人の心を操る毒なんて、存在するわけがない。
必要ない。私がこの毒に対して思ったのは、それだけだ。自分とは無縁の代物で、興味の対象ですらない。
────……退屈しないオモチャも出せない夢を見るなんて、私も随分だわ
自分に対して失望すら感じつつ、私は首を横に振る。老婆に対し拒絶を示し、面白味のない悪夢を終わらせる為に。
「私、要らないわ」
当然の返答。私にはそれ以外の正答など見当たらなかった。
しかしその言葉を耳にした老婆の目は突如大きく見開かれ、表情は酷く空虚になり、突然、憤慨した。
「甘えるんじゃないよ、このガキッ!」
「!?」
薄汚い布に包まれた小さめの手が、怒りと共に私の肩を鷲掴みにする。的確に隙間をついてきた攻撃で骨が軋んで痛い。こんな穢らわしい老婆に触れられていること自体嫌なのに、なんと言うことだろうか。
「貴方、さっきから何なの!?」
当然私は、怒りを向け返した。悪意を向けられて生まれるのは悪意のみなのだから。
「拒否権はないよ小娘。お前はグランギニョルのドール。運命に見捨てられた存在が!!」
話など聞かず、此方を見詰める深紅の目。心臓のように痙攣する瞼がおぞましく、その目が嫌で嫌でたまらなくて。
私は逃げ出した。
けれど、魔女は私を逃してなどくれなかった。
絡みつく毒。それを跳ね除けようと必死に手を動かすけれど、魔女の毒はそんな抗いなど物ともしなかった。

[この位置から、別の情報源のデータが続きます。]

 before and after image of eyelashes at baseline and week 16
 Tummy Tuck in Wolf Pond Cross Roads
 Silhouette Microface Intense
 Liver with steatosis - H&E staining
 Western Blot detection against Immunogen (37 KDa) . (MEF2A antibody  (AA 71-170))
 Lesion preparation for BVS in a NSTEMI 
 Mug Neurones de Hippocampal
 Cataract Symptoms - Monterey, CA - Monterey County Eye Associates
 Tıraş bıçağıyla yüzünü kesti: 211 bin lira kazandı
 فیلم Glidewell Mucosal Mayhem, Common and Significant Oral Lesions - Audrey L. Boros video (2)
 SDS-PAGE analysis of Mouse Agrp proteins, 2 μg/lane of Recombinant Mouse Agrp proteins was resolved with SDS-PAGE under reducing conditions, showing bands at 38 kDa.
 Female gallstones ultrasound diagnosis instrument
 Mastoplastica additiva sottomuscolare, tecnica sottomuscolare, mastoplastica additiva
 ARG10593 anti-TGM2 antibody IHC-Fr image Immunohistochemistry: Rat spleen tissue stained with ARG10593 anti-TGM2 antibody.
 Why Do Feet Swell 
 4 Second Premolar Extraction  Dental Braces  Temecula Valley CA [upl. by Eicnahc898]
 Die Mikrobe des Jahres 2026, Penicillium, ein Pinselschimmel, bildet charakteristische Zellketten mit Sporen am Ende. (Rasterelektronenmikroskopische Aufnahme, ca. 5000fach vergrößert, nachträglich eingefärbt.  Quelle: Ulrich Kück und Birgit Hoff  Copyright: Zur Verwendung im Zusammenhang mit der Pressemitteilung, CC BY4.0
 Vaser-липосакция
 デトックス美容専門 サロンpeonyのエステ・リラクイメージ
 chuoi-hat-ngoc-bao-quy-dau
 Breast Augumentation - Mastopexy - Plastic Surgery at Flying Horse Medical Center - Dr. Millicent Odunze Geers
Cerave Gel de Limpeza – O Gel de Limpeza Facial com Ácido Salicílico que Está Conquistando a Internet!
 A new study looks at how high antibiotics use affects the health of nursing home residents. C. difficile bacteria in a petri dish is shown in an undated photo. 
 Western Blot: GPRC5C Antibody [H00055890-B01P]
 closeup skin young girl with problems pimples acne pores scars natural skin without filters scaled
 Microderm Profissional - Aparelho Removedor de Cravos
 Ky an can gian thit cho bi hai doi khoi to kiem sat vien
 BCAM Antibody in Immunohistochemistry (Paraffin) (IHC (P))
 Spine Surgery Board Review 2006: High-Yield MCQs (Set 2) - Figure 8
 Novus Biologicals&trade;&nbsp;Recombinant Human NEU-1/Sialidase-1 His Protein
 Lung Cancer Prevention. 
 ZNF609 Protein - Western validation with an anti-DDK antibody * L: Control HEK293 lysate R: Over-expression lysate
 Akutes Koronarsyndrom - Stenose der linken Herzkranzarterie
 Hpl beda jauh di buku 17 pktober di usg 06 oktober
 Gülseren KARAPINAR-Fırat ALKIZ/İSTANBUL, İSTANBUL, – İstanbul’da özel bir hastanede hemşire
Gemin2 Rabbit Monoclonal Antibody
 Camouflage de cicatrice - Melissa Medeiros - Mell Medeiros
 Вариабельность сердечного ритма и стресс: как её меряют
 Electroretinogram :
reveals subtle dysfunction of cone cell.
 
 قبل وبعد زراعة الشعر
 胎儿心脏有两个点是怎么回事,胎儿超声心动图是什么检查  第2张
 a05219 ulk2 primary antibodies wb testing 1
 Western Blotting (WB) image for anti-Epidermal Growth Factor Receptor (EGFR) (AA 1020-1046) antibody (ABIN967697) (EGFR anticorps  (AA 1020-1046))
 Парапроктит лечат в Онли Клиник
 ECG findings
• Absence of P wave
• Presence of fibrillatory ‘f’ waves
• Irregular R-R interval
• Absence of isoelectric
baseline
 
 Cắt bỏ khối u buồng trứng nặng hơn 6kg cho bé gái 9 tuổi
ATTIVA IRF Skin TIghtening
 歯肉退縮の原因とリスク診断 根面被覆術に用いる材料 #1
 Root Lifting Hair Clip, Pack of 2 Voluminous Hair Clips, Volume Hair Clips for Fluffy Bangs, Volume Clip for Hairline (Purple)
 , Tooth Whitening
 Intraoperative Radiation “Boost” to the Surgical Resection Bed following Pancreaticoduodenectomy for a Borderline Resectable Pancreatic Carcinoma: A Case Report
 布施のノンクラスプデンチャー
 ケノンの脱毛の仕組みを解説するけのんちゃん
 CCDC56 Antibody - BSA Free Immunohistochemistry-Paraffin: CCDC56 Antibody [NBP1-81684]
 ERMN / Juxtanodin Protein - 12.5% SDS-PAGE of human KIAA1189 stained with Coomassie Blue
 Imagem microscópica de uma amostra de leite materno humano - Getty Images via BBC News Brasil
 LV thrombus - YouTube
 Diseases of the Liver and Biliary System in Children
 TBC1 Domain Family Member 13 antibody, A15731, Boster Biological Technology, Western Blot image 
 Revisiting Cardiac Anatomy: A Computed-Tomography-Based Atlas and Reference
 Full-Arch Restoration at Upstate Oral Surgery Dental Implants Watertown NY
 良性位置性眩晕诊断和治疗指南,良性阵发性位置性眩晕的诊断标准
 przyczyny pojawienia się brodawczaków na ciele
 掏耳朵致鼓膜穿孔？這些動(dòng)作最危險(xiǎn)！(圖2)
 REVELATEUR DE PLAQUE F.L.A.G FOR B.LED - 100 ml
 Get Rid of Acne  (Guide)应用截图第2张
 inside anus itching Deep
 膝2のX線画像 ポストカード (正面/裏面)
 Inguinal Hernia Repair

皮膚に染み込み、血管の中を蠢き、細胞という細胞に染み込んで書き換えられて行く感触。
「い、嫌……私はこんなの要らない、嫌、止めてぇえええ!!」
悲鳴は、高らかな笑い声にかき消される。体の全てを蝕む嫌悪感が終わった時、私はもう、自分が私の望み通りにならないことを悟った。
その時から私は、強い糸に囚われたのだ。一時毎にその糸の絡みつきは強くなって行く。私の体を操れるほどに。
かくして幕は開かれた。
あの時から私は自分の選択に自信を持てない。
私は私を信じられない。望んだことも望まぬことも、全てが操られているのではないかと疑ってしまうから。